1 - Medical examination bed comprising a base provided with a base (13), a mast (14) standing on the base, an examination table (15) mounted at the top of the mast, a guide (17), a pivot (18) mounted at one end (41) of the guide, and pads (20) mounted directly under the base to move the base, the base being mechanically connected to the guide by means of a carriage (28) sliding on the guide, characterized in that the connection of the guide to the base comprises a parallelogram structure (30 - 38) connected to the carriage and to the base, and in that the pads are placed next to the carriage.

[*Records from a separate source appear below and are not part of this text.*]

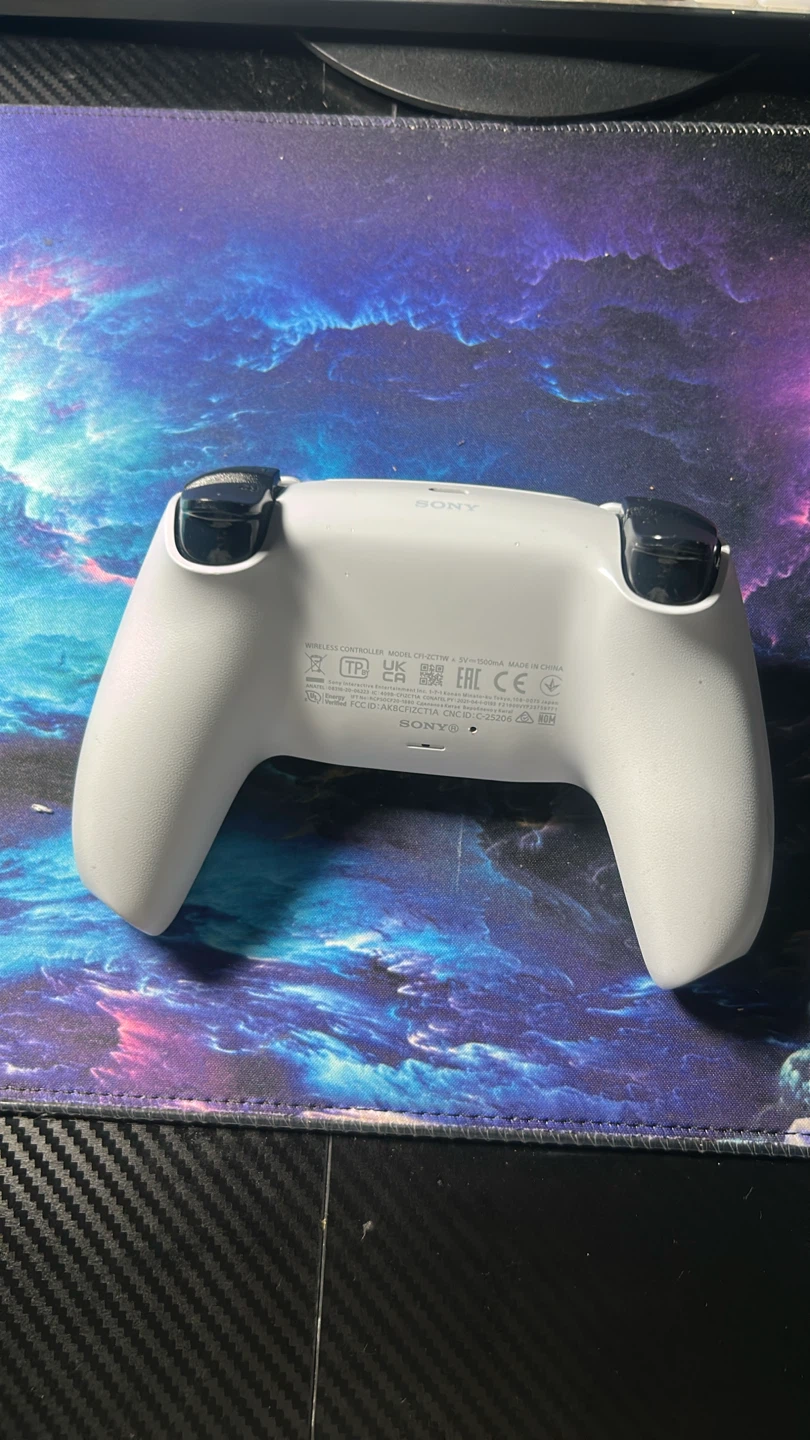 Sony PlayStation 5 DualSense Wireless Controller - photo 3
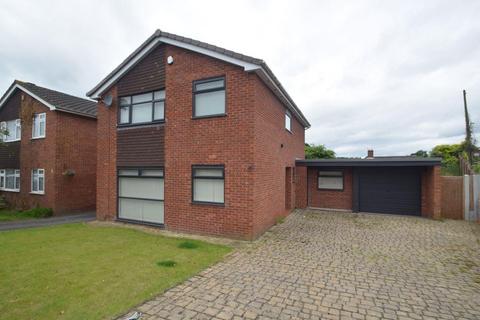 5 bedroom detached house to rent, 5 Maynards Croft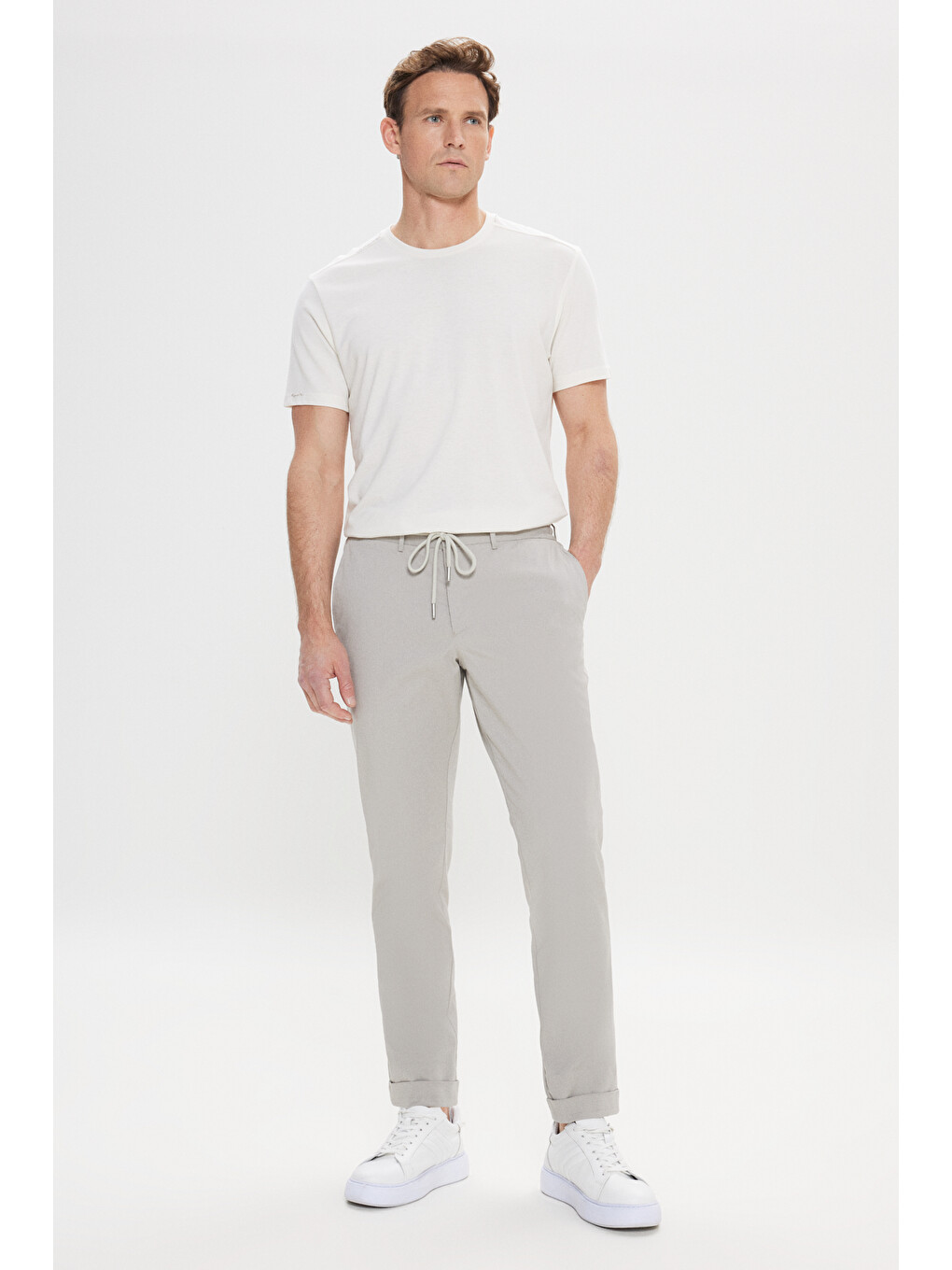 Açık Gri Comfort Fit Rahat Kesim Yan Cepli Desenli Beli Lastikli Erkek Pantolon-1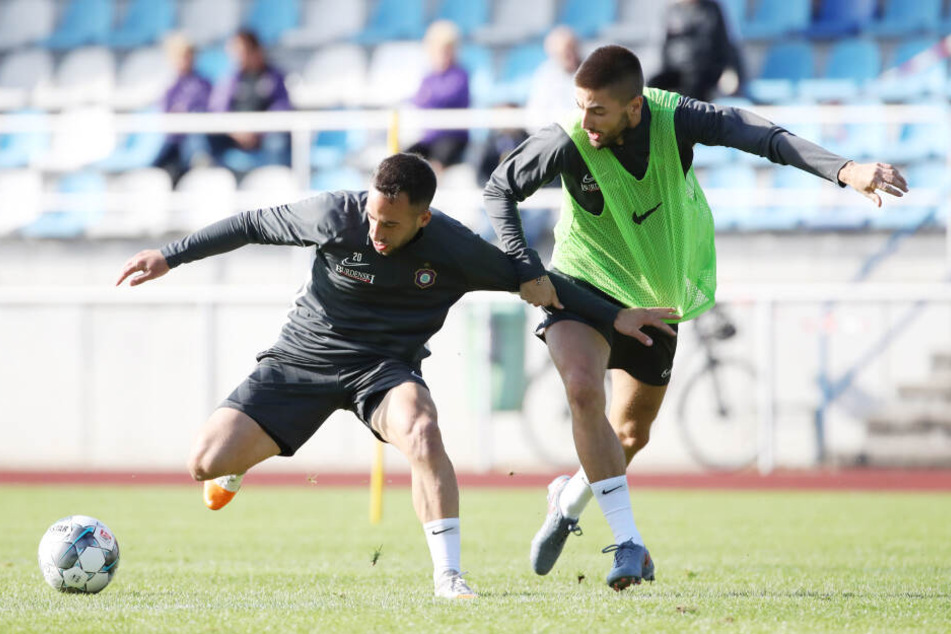 Marko Mihojevic (r., im Training gegen Calogero Rizzuto) fehlt aktuell jegliche Fitness. An seinen Einsatz zum Liga-Auftakt ist gar nicht zu denken.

2 - Bed according to claim 1, characterized in that the pads have air cushions (50) which raise (E) the base at the time of movement.

3 - Bed according to claim 3, characterized in that an air cushion comprises an inflatable crown (50) bearing under the base and on the ground (40) and an air inlet (54) under pressure in a chamber limited by this inflatable crown.

4 - Bed according to one of claims 2 to 3, characterized in that the parallelogram structure comprises in two parallel planes legs (30, 32, 33) of force which are not parallel to each other.

5 - Bed according to claim 4, characterized in that a leg has at its end a ball joint (42) to allow elevations of the base relative to the guide.

6 - Bed according to one of claims 1 to 5, characterized in that a shoe comprises a roller (60) carried by an oscillating arm (59).

7 - Bed according to claim 6, characterized in that the swinging arm is pushed back by a spring (62) or a screw (65).

8 - Bed according to claim 7, characterized in that the spring is compressed by a pneumatic cylinder (63).